'We will never stop fighting for answers' - Hundreds take part in march to mark 35th anniversary of the battle of Orgreave
Hundreds of people turned out to commemorate the 35th anniversary of a violent confrontation between striking miners and police, dubbed the Battle of Orgreave.
Around 500 supporters from the Orgreave Truth and Justice Campaign (OTJC) marched through the site of the former coking plant on Saturday afternoon.
Campaigners made their way along Orgreave Lane, led by the Unite brass band before hearing speeches from a number of supporters including Matt Wrack, general secretary of the Fire Brigades’ Union and Chris Kitchen, general secretary of the National Union of Mineworkers.
Kate Flannery, OTJC secretary, said the turnout had been ‘incredible,’ and organisers were particularly ‘heartened’ to see so many young people participate in the march.
“The level of support was very positive, and the atmosphere was great, but obviously it’s a very sad event,” said Kate.
Campaigners have been calling for an inquiry into the police tactics on that day, claiming that striking miners were assaulted and falsely arrested.
In 2016, the then Home Secretary, Amber Rudd, said there would be no independent inquiry or review into Orgreave, which saw some of the most violent controntations of the miners’ strike.

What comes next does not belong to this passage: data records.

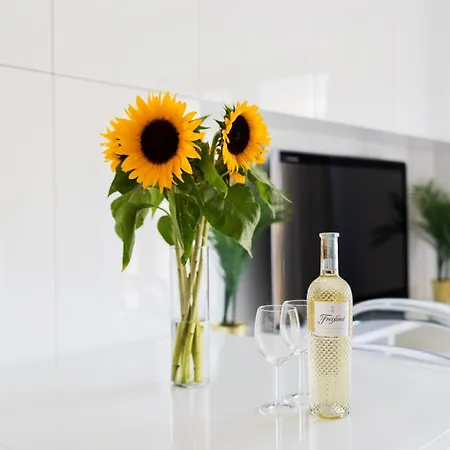 Krawiecka 3 - Merilyn Monroe Style - 5 People * Wrocław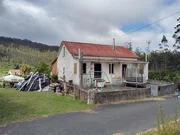 Casa en cedeira, campo del hospital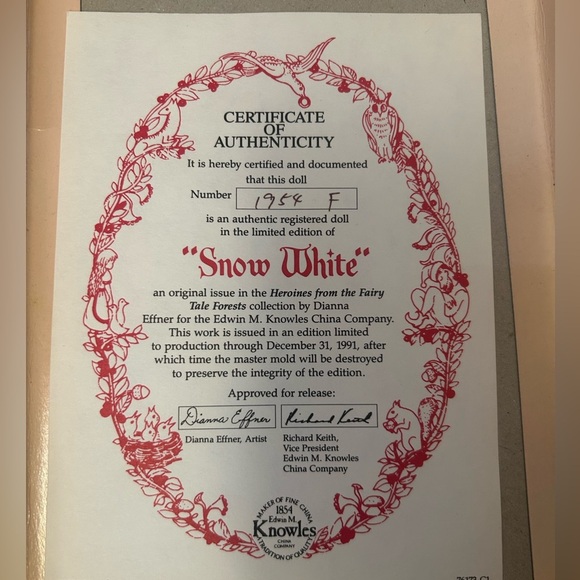 Knowles Snow White Certificate with Red Design! - Picture 2 of 4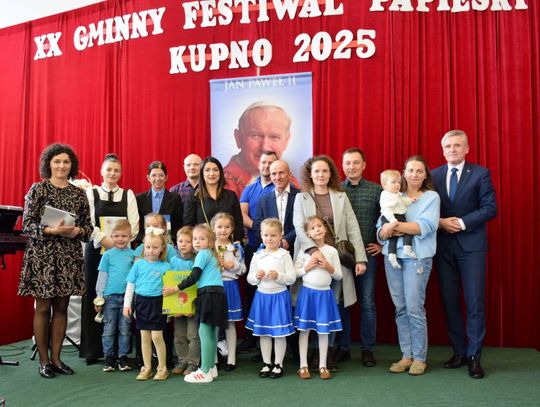 XX Gminny Festiwal Papieski w Szkole Podstawowej w Kupnie [ZDJĘCIA]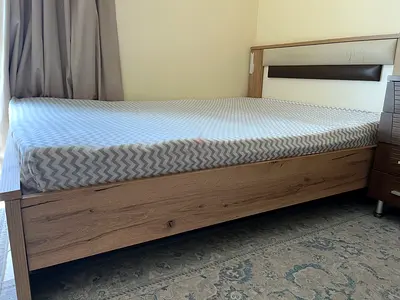 Queen size minimalistic Bed with Mattress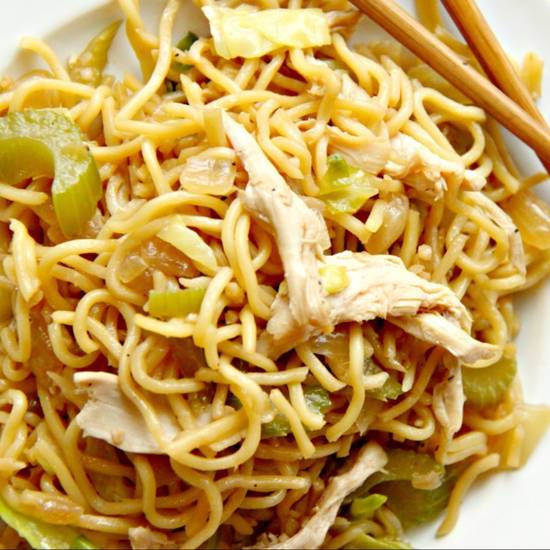 Order 48. Chicken Lo Mein food online from Excel Chinese Restaurant store, South Chesterfield on bringmethat.com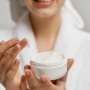 5 Rekomendasi Krim Malam Terbaik Mengandung Niacinamide, Bangun Tidur Kulit Lebih Cerah!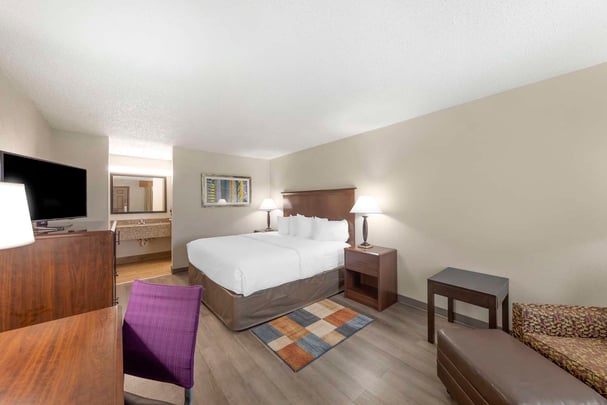 Queen Guest Room - Pet Friendly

And in March the government rejected an offer to set up an independent panel to review documents relating to the incident.
The Home Office said its decision was made in light of changes to policing over the last 30 years.
But Kate Flannery, OTJC secretary, said the group will never stop fighting for answers.
“Some of the miners at Orgreave are elderly, and they want answers in their lifetime,” added Kate.
Kevin Horne, OTJC activist and miner who was arrested at Orgreave, said: “Home Secretary, Sajid Javid, should have the decency to acknowledge previous Home Secretary Amber Rudd's miscalculation and now commission an inquiry into police brutality at Orgreave.
“The truth will eventually come out and trying to conceal the facts clearly highlights that only a government with something to hide would prevent an inquiry.”
Thousands of pickets and police officers clashed at Orgreave in some of the most violent confrontations in the year-long miners' strike.
A total of 96 people were arrested but their cases were dropped.